Anyone who welcomes you welcomes me,
and anyone who welcomes me welcomes the one who sent me.
|How To Multiply The Benefit Of A Favor|
A Proper Introduction
Thomas Phillip “Tip” O’Neill, Jr., the late Speaker of the House during Reagan’s presidency was the complete Irishman from eastern Massachusetts. He was captain of his high school basketball team. He loved politics and people. But the boss from Boston didn’t love just anybody.
The position of any politico skilled in elective office or in office politics is the ability to dispense favors or perquisites. This is an exercise in influence and indirect control.
Favors have value in their scarcity and are best awarded when the action of one reward can satisfy multiple constituents. The Speaker was always able to satisfy at least two people with every favor dispensed.

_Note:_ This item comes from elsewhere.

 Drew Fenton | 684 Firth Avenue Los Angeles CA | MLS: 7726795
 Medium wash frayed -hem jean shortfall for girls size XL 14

How did this consummate leader do it?
The senior congressman had a simple directive for his gatekeeping staff when they would consider supplicants,
“Don’t take nobody, nobody brought.”
Interviews with the Speaker were granted only if a trusted third-party made the introduction—usually a friend known well by both the Speaker and seeker of a favor. If the courtesy was granted it had double effect: O’Neill would endear himself to old friend and new friend alike with a single act of generosity.
Brilliant. And effective.
Politics, business and the Gospel and done best with the Tip O’Neill multiplier effect. The professional can make things happen with an introduction as cited in Matthew 10:40, Anyone who welcomes you welcomes me, and anyone who welcomes me welcomes the one who sent me.